Archer C7v5: OpenWrt does not detect loss of WAN connection

I've installed OpenWRT 22.03.3 on an Archer C7v5.

If I unplug the WAN cable, I get the following log message:

Mar 6 19:36:38 kern.info kernel: [17361.932870] Atheros AR8216/AR8236/AR8316 mdio.0:00: Port 1 is down

If I plug in the WAN cable, I get the following log message:

Mar 6 19:36:54 kern.info kernel: [17377.532335] Atheros AR8216/AR8236/AR8316 mdio.0:00: Port 1 is up

But there is no ifdown action on unplugging and no ifup action on plug-in.
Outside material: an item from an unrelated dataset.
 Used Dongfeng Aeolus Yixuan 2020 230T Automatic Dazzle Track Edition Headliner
So OpenWRT does not detect the loss of a WAN connection and therefore does not react accordingly.

Is this a bug or a feature?

With my RPI4B + TP UE300 as WAN the link goes down (which triggers an ifdown) resp. the link goes up (which triggers an ifup).
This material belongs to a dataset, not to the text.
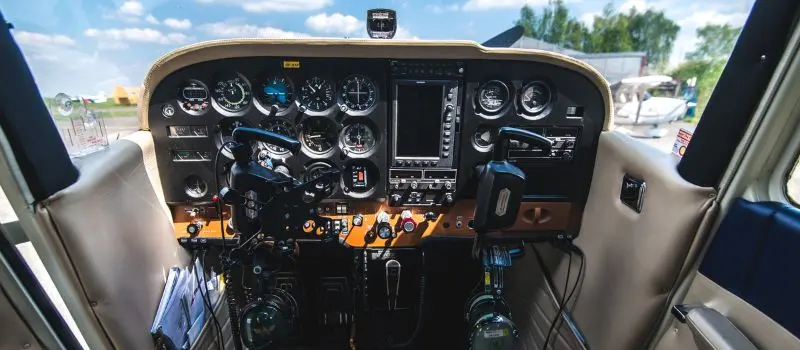 Pilotem letadla na zkoušku 1 pilotující +  2 pasažéři Hradec Králové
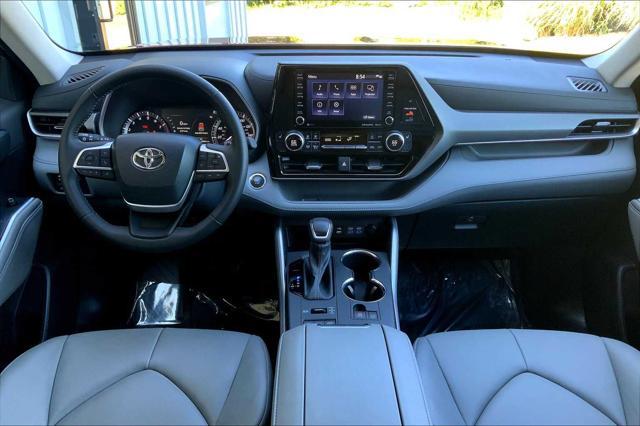 used 2022 Toyota Highlander car, priced at $37,200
The WAN port it not a single Ethernet device but rather one port of the integrated switch. However, netifd should detect the link loss if you have a WAN interface set up.

Please post

  • a few more lines from your log - what follows the Port 1 is down message?
  • a bit more about your configuration, make sure to redact any personal details. Specifically, the content of /etc/config/network and /tmp/board.json.
Mon Mar  6 19:36:38 2023 kern.info kernel: [17361.932870] Atheros AR8216/AR8236/AR8316 mdio.0:00: Port 1 is down
Mon Mar  6 19:36:54 2023 kern.info kernel: [17377.532335] Atheros AR8216/AR8236/AR8316 mdio.0:00: Port 1 is up

There are just these two lines: one for plug-off, one for plug-in.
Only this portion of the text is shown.